Aquifers are natural reservoirs, and California’s vast groundwater basins far outstrip the capacity of its surface reservoirs. Statewide, aquifers offer roughly one billion acre-feet of storage, while surface reservoir storage averages 23 million acre-feet of water per year and tops out at 50 million acre-feet.

Newer approaches to climate change adaptation include forecast-informed reservoir operations (FIRO), which optimizes surface water storage. Many California reservoirs are operated for both water storage and flood control, and balancing these two functions can be tricky. Currently, water is released to make room for stormwater according to a schedule that is based on historical weather patterns, and is dictated by a U.S. Army Corps of Engineers Water Control Manual specific to a given reservoir. 

The schedule in the Corps’ manual doesn’t always fit with reality, however. In anticipation of storms that may never arrive, reservoir operators can make releases unnecessarily, losing water that could have been used during droughts. In contrast, FIRO combines the latest in atmospheric river forecasting with real-time runoff data, letting operators know exactly when to release or retain water.

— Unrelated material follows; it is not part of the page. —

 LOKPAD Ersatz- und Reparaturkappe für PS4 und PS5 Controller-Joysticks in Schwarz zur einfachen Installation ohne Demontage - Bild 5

In a test of FIRO in Lake Mendocino during the winter of 2019–2020, storage increased safely by 19%, a welcome outcome during the subsequent severe drought. And a 2020 modelling study in Water Resources Research suggests that FIRO could up Lake Mendocino’s storage even more, by as much as 33%.

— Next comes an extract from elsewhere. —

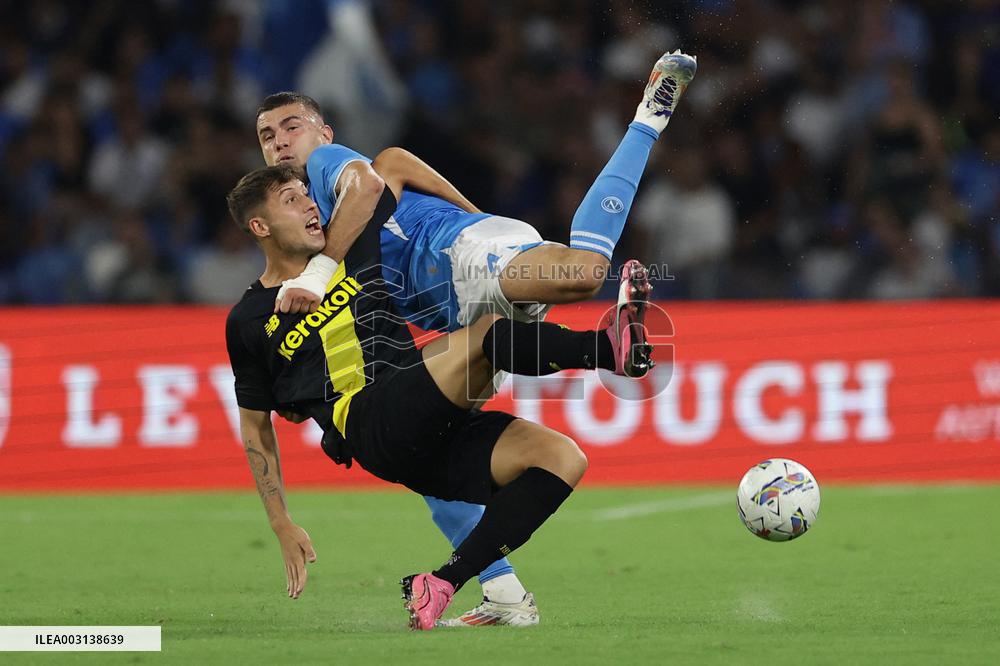 Italian football Coppa Italia match - SSC Napoli vs Modena FC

Source:Fimbres Wood, Scripps-UCSD, February 2021.

Now FIRO’s potential to lessen flood risk is being tested in the Yuba and Feather river watersheds. This system includes two reservoirs: Lake Oroville, which is operated by the Department of Water Resources (DWR), and New Bullards Bar Reservoir, which is operated by the Yuba Water Agency. The region has suffered five major floods since 1950, resulting in 41 deaths and devastating economic impacts.

Atmospheric rivers are the primary drivers of flooding in the Yuba-Feather watershed. In 2017, an atmospheric river dropped so much rain there that it damaged Lake Oroville’s spillway, raising fears that a torrent of water would gush from the rapidly filling reservoir and inundate downstream communities. While these fears were ultimately unrealized, more than 188,000 people were placed under evacuation orders and had to leave their homes.

Yuba-Feather flooding also depends on how soggy the ground is when a storm hits; the elevation where rain turns to snow; and whether rain falls on top of snow. “If there’s a snowpack and a really warm atmospheric river comes, it can potentially melt the snow,” explains John James, who manages water operations at the Yuba Water Agency and is a co-chair of the Yuba-Feather FIRO Steering Committee. Other partners on this project include DWR and the Center for Western Weather and Water Extremes (CW3E), a pioneer in atmospheric river research.

The Yuba-Feather FIRO instrumentation includes multiple atmospheric river monitoring stations, which collect meteorological data including air temperature, precipitation, and wind speed and direction. Some of the stations also measure soil moisture to depths of three feet, which helps determine the potential for surface water runoff. Some also include radar that points upward, which helps determine the altitude in the atmosphere where rain turns to snow and ice.

Source: Yuba Water Agency, Army Corps Manual,
Scripps Center for Western Weather & Water Extremes, et al. 2021

The results so far are encouraging. Compellingly, FIRO could have mitigated the impacts of a catastrophic flood in the Yuba-Feather system on New Year’s Day 1997. After weeks of steady rain and snowfall, a powerful atmospheric river brought heavy rain and rapid snowmelt, breaking levees on the Feather River.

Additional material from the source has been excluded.